At one point a struggling classmate asked if she was doing a move correctly. The instructor sharply told her no and made the woman do the move over and over again each time scolding her on how poor her form was. The floodgates had been opened. After this first taste of blood she no longer stared at herself in the mirror, but scanned our small class for any signs of weakness. For the rest of the hour, she yelled to point out any of us who didn't meet her approval. After a particularly difficult dance sequence she stopped the music and slowly stalked over towards me. I was terrified. I stood rigid in my ending posture with arms extended and right toe placed carefully in front of me in a pivot trying to avoid her eyes. She stopped directly in front of me and frowned a slow, thoughtful frown. My mind raced over possible errors. Had my hip thrusts been too meager, my finger movements not fluid enough? After what seemed an eternity of silence I squeaked "...first... day..." but she was unmoved. She remained silent a few seconds more, staring with distaste at my pose then suddenly broke out into rapid dance and went through the choreography landing in my pose. She then seized upon what had been troubling her. "The weight on your feet is all wrong." she decreed, indicating my offending front foot. I quickly shifted my weight but before I could set up an acceptable pose for her approval, she had stalked off triumphantly.
After 45 minutes I was able to tear my concentration off my clumsy moves in the mirror long enough to notice the crowd that had gathered outside. The entire wall next to me was glass and provided easy viewing from the reception area of the YMCA. As I peered outside I was horrified to see a large group of male spectators lined up in a row outside the classroom unabashedly leering at us. I froze, unsure of how to react. Do you let them win and give in to insecurity or ignore them and continue flinging your body every which way for their viewing pleasure? These upstanding gentlemen probably make sure to be at the YMCA every Saturday to enjoy the free dance shows, how could I let them down? Hard as it was, I tried to overcome my disgust for their leering and continued desecrating the perplexing art of belly dance but my concentration was shaken and the rest of the class was pretty unproductive.

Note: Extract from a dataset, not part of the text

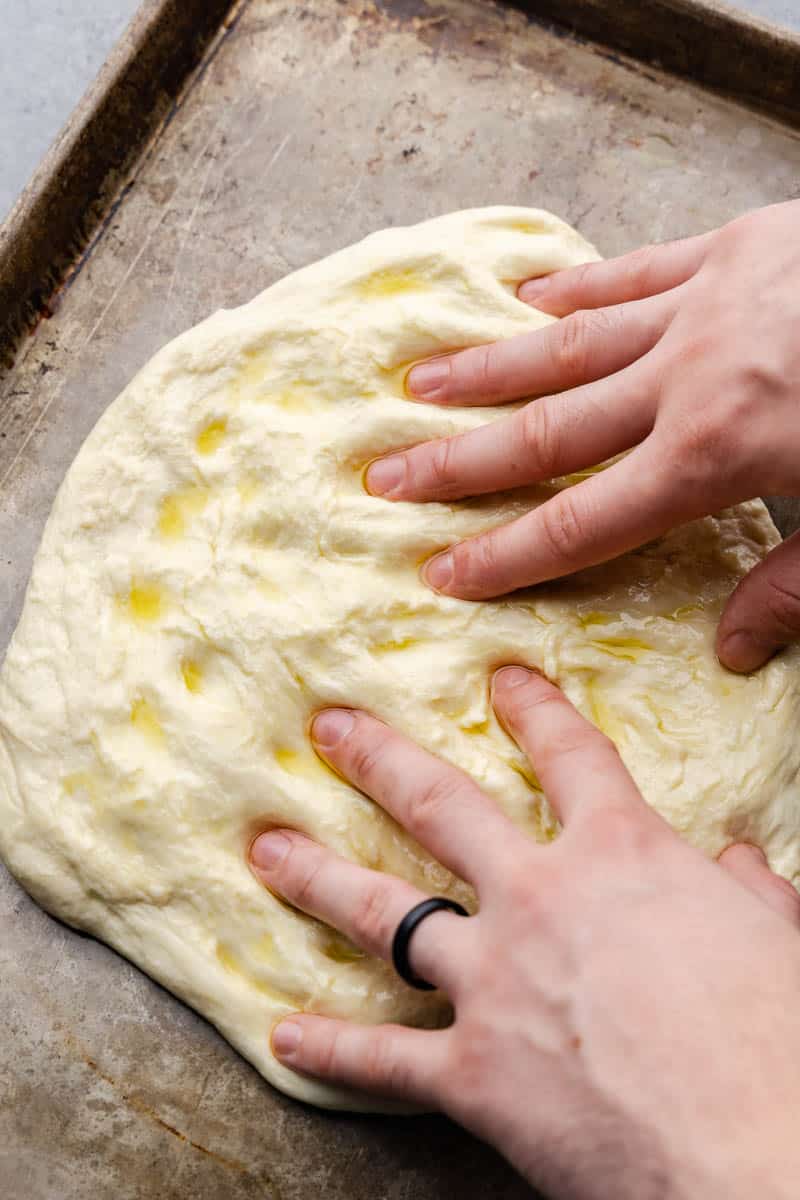 Hands shaping a loaf of focaccia, making indents in the dough.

Class finally ended and our male spectators filtered happily out of the lobby. I approached our grim instructor to thank her for the class, hoping her dour mood was due to outside circumstances and hoping to cheer her up. I walked up as she was lecturing an older Asian woman about a lack luster "body roll." "Thanks for the fun class!" I threw in casually. She made no indication of hearing me. Waiting for an appropriate pause in her lecture I said again "That was a really great class, thanks!" Instead of responding, she turned away and walked over to her stereo to gather her equipment. Had my "half moon" move really been that abysmal that she was too ashamed to claim me as a student? Probably. I didn't push it and walked out of the dance room resolved to improve.

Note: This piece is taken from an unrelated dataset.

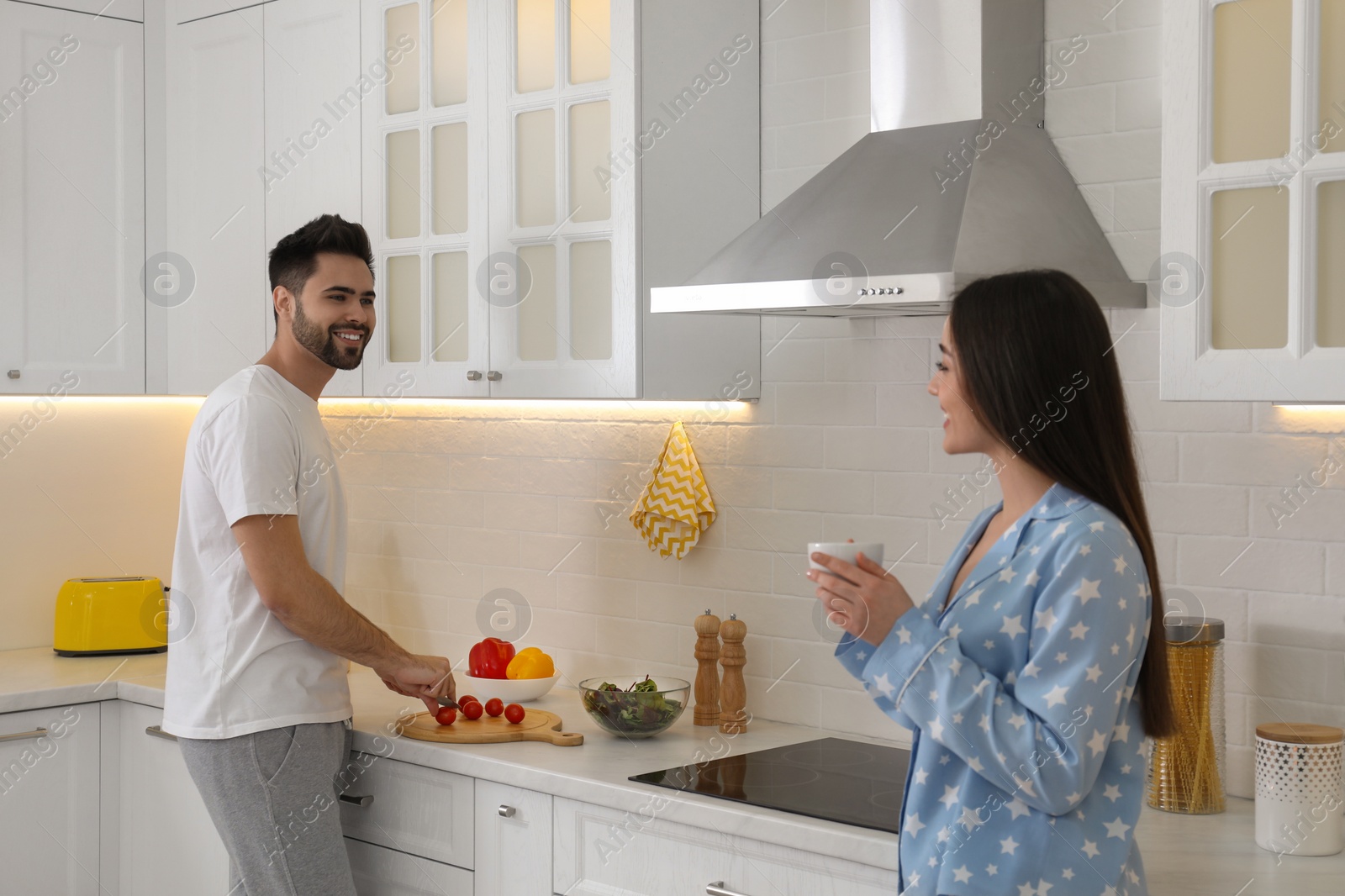 Photo of Happy couple in pajamas cooking and having breakfast at home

The lesson I took from class today is that there is nothing funny about belly dancing. You do it right or you don't do it at all. I went into class looking for a fun way to spend the hour but left with the sick realization that I am far from being sensual or coordinated. I feel bad for that group of creepy, leering men who came all that way just to watch me flop around like a hooked fish. How dare I waste their valuable weekend hours. The strange thing is I really do want to go back and try it again next week. But not until I put in a few good hours of practice. I would hate to disappoint this demanding instructor again! Shake, hips, shake for your lives!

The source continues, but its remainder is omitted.